With respect to thank yous, I know from experience that people who are not inclined to give them will not suddenly start handing them out just because they see you doing it. Their practice of not thanking people is usually deeply ingrained in their make-up, and it is not something that is easily changed. And change on something like that can only come from within.
So, if it’s going to be a one-way street, what’s the point ? There’s no easy or glib answer to that. Basically you need to see it as making a psychic contribution to the overall health of your relationship. The stronger that overfall health, the better for each of the parties to the relationship.
Of course, every once in a while, you are perfectly entitled to take a step back and do a quick and rough assessment of the respective psychic contributions of each of you to your relationship. (If doing this, it is vital that you recognise that there are an almost infinite number of ways that a psychic contribution can be made to a relationship, so you should not just be looking at compliments and thanks when conducting your assessment – really anything that either of you does that contributes to your relationship as a partnership has to be included in the assessment.) If there is a severe ongoing imbalance, you might need to consider whether remaining in the relationship is the best thing for you.
If you are having a difficult discussion with your partner, and it seems to you that is heading off into a sort of negativity that is going to be difficult to come back from, if possible try to say or do something that defuses the situation.

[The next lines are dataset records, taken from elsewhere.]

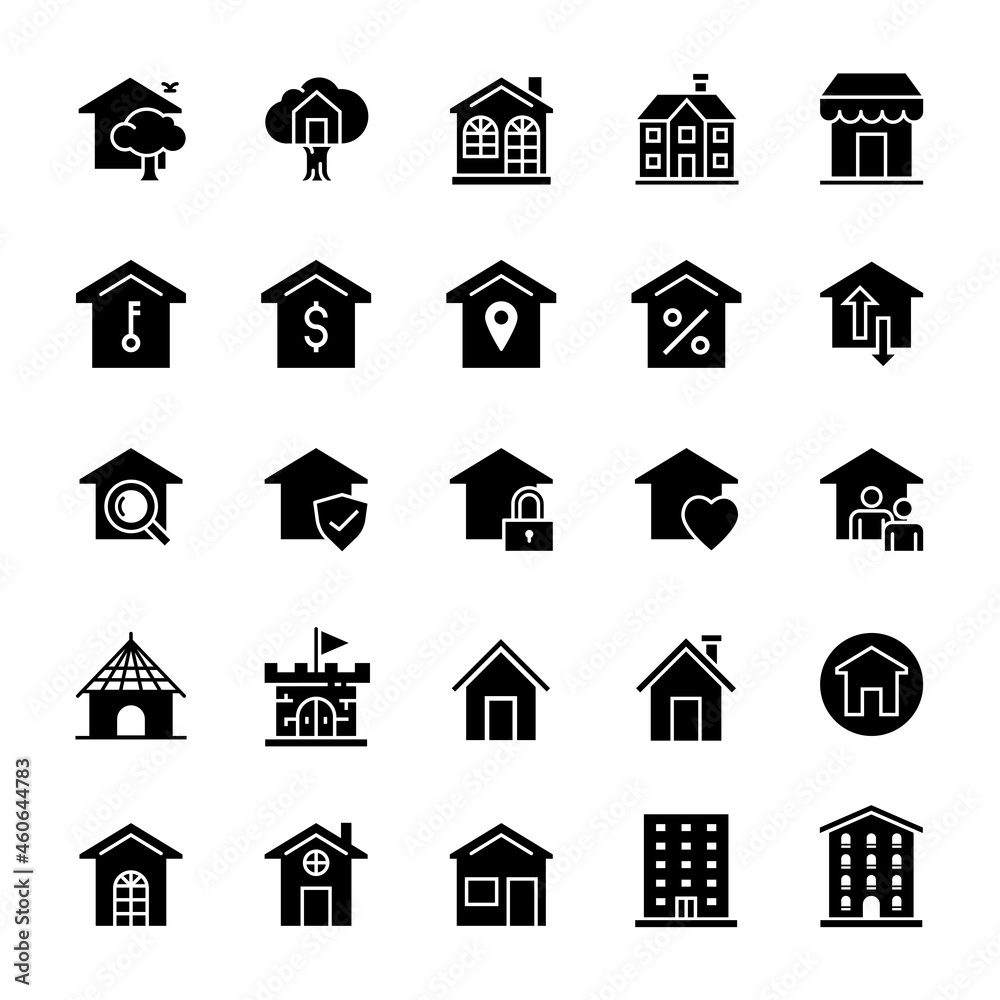 Home. house, residence, icons, vector illustration.
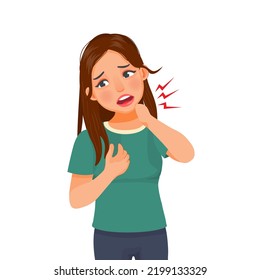 young woman suffering from neck pain 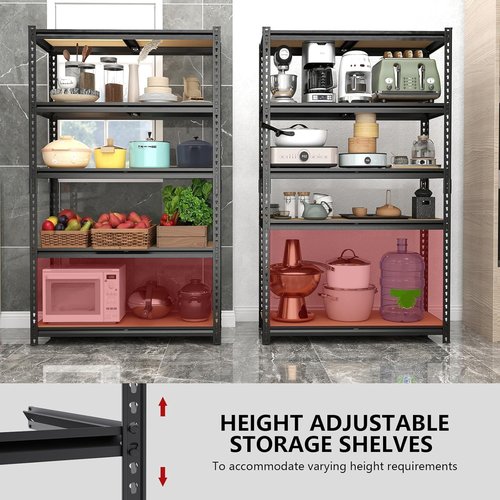 Heavy Duty Garage Shelving - 5-Tier Metal Storage Unit | Adjustable Rack Holds 2400LBS - 28''×12''×60''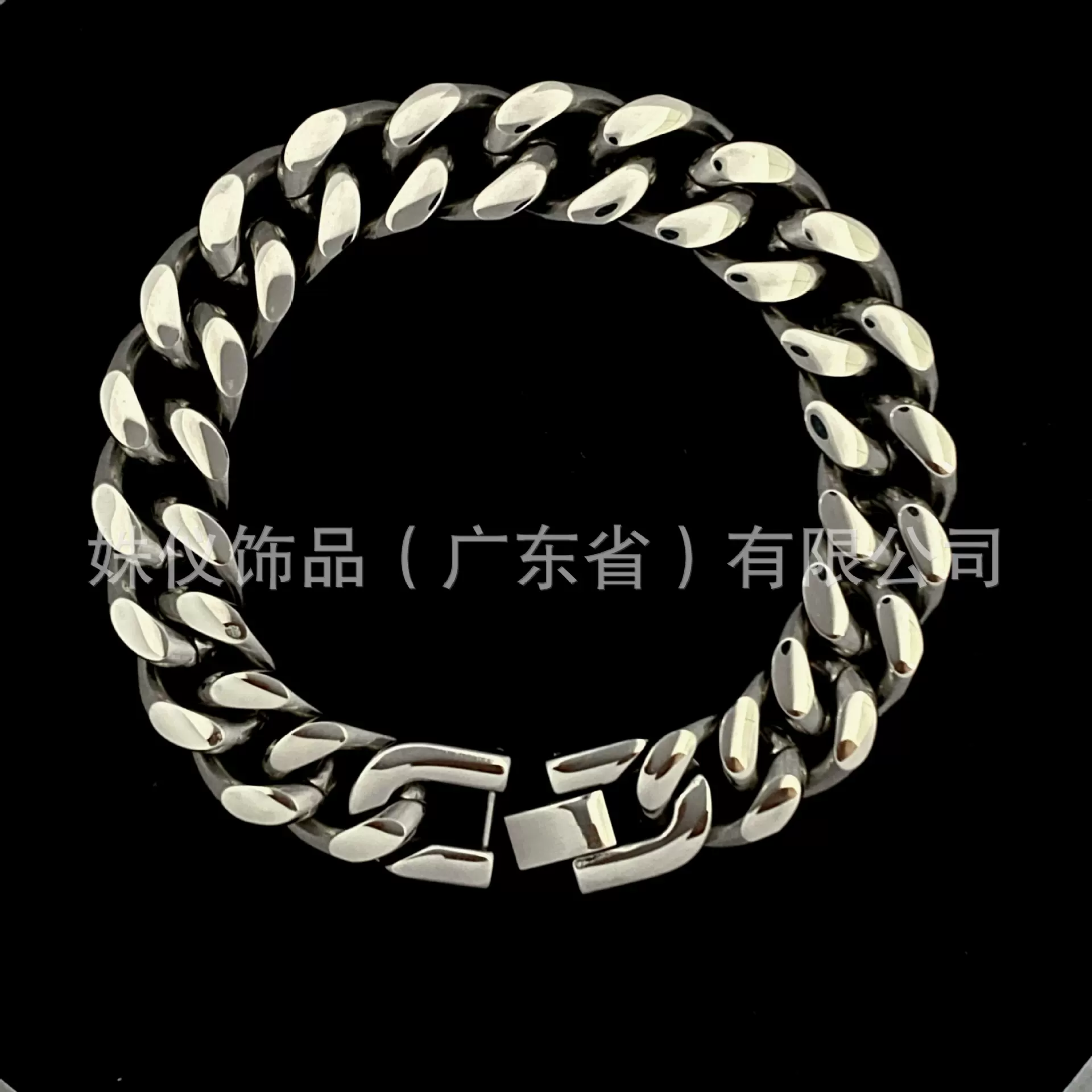 欧美钛钢珠宝扣手链男士四面磨古巴链抛光朋克高启强同款链条百搭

Easier said than done, I know. Professor Gottman refers to attempting to defuse situations as “repairing” them.
Of course, in recommending that you try to repair a discussion, I am not suggesting that you should back off from any position that you are putting forward. Rather, if it looks as if trying to get acceptance of that position directly is going to be a problem, repairing means putting things on hold for a moment. Doing that might enable you to come up with another way of putting your position forward that might have a better chance of success than the approach that you were previously trying.
Most of the tips I mentioned at item 3 (Try to be as positive as possible) can also be useful when trying to repair a discussion, or to approaching an issue from a different direction.
Unfortunately the concept of repairing a situation is of limited use if there is an issue of importance between you and your partner on which you are diametrically opposed, and which can only be decided one way or the other. These issues have to be dealt with. If a bullet has to be bitten, bite it ! It is unhealthy to your relationship if an issue like this keeps getting put off.
The trick is to try to deal with the issue as soon as possible and as calmly and rationally as possible. That involves fully exploring all of the arguments for and against each option, and how you will each be affected by each option, and each of you understanding and acknowledging how you will each be affected by each option.
Issues such as this will test your liking and respect for each other to the limit. They are why I say elsewhere that like and respect are vital to the health of a relationship. And, of course, if there is love, that might also be severely tested.